The Game, featuring Fifty Cent, released “How We Do” in 2005. Plaintiffs registered copyright for their song ‘Elevator” in 2002. Both songs are described as contemporary hip hop songs. Both songs’ choruses contain the phrase “this is how we do” four times, interspersed with other lines, set to a similar rhythm.

A copyright plaintiff must establish that defendant had access to plaintiff’s work, and that the works are substantially similar. On summary judgement, a claim of access must be supported with ‘significant affirmative and probative evidence’ showing that the ‘alleged infringer had a reasonable possibility – not simply a bare possibility – of hearing the prior work; access cannot be based on mere speculation or conjecture.’ “Access through third parties connected to both a plaintiff and a defendant may be sufficient to prove a defendant’s access to a plaintiff’s work.”

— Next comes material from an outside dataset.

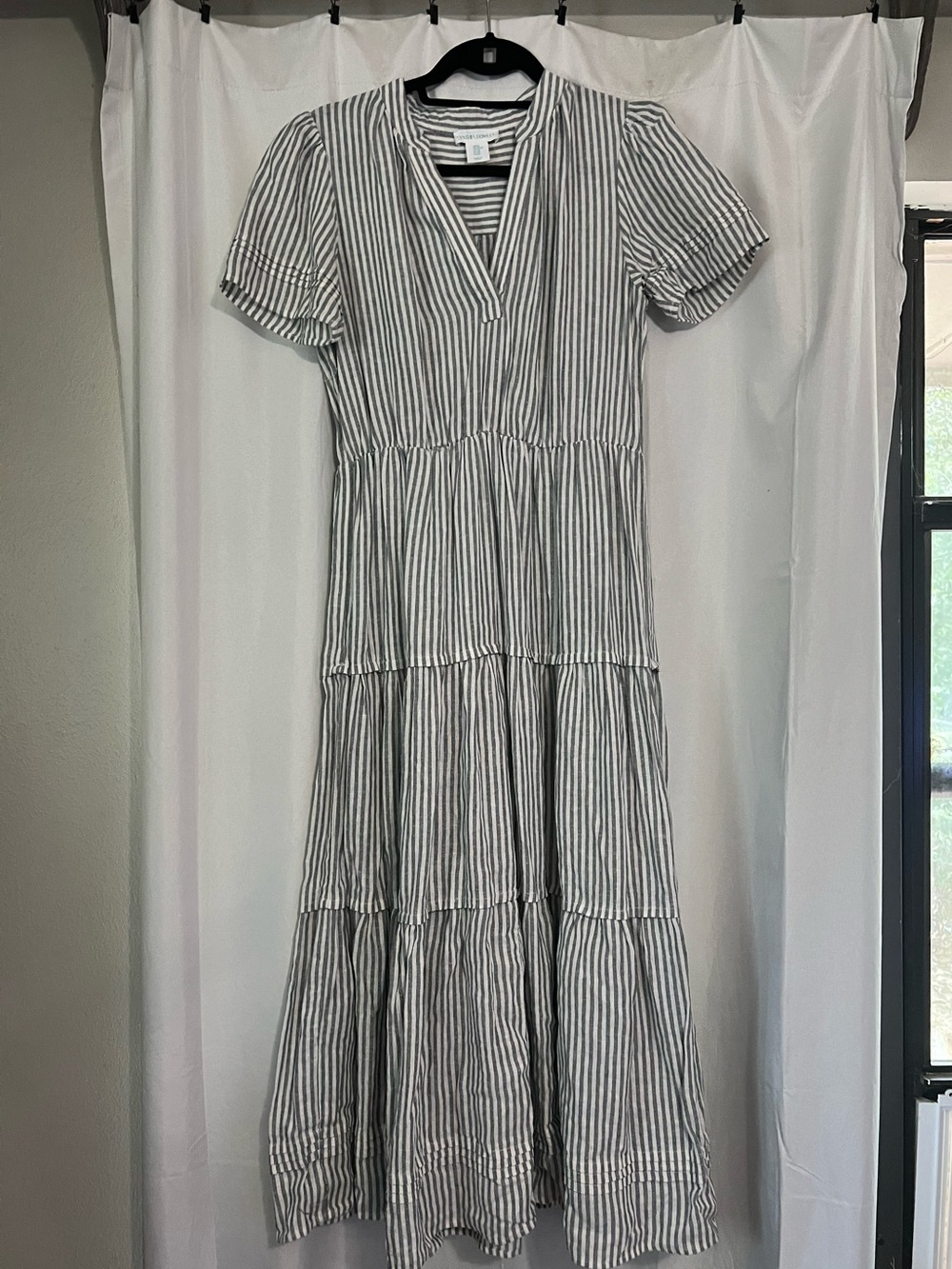 Cynthia Rowley Gray and White Striped V-Neck Tiered Maxi Dress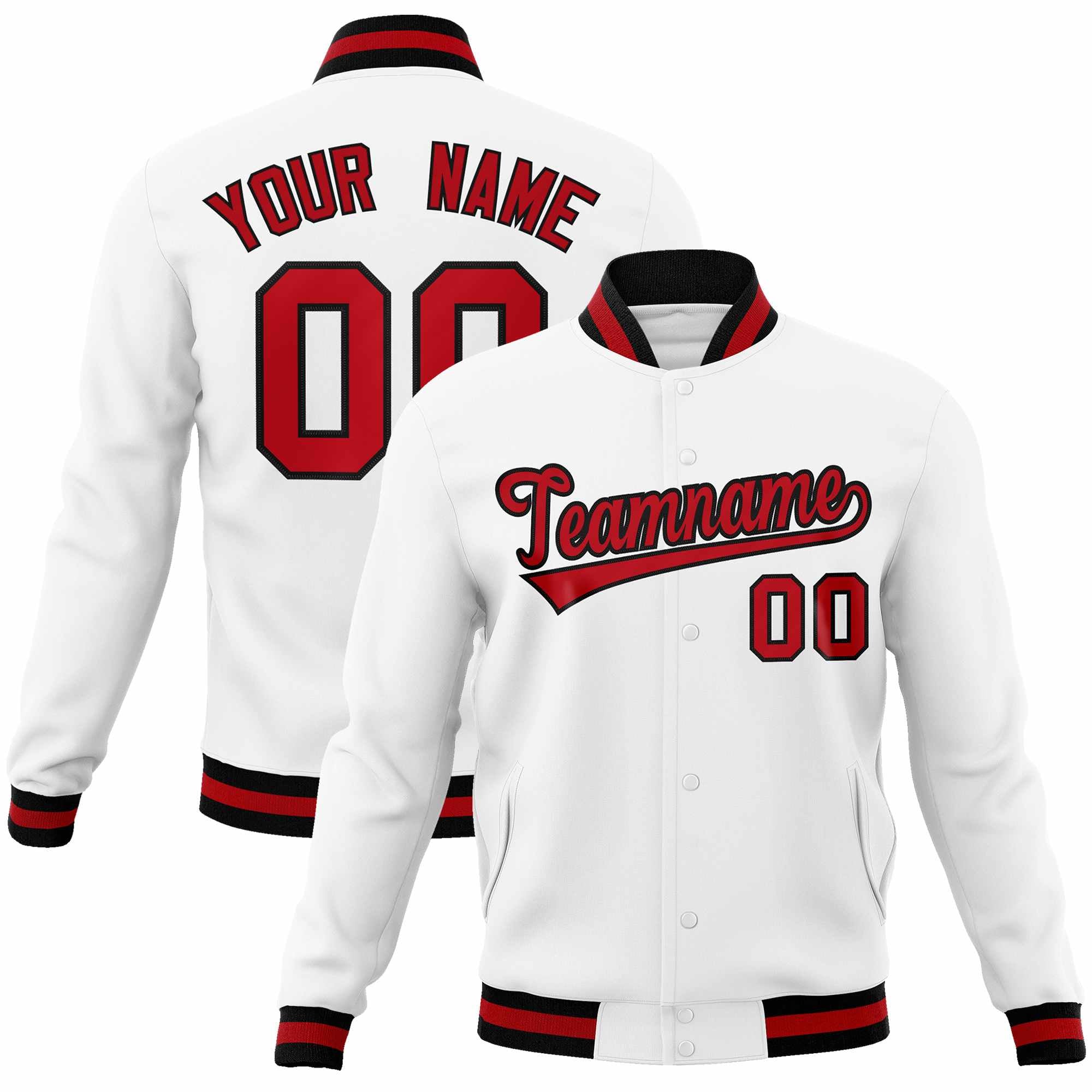 Custom White Red-Black Classic Style Varsity Full-Snap Letterman Jacket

Here, one of the plaintiff’s knew a producer who knew the defendant writers. He ‘probably’ played and delivered copies of his song to the producer (producer was a customer at the Sam Ash store where plaintiff worked). The producer and the writers gave declarations that the producer didn’t ‘transmit’ the song to them (but apparently the declarations weren’t emphatic enough). Court held that material facts were in dispute as to access.

As to whether probative similarity could be used to establish access, the dueling music experts’ disagreements as to the uniqueness of the chorus were sufficient to defeat summary judgment for both sides.

As to substantial similarity, the ‘this is how we do’ phrase was prominent enough in both songs, such that a jury could conclude that the songs are substantially similar.

As to defendant’s allegations of independent creation, whether that in fact was the case ‘involves factual issues that are not susceptible of summary judgment.’

Parties’ motions for summary judgment denied.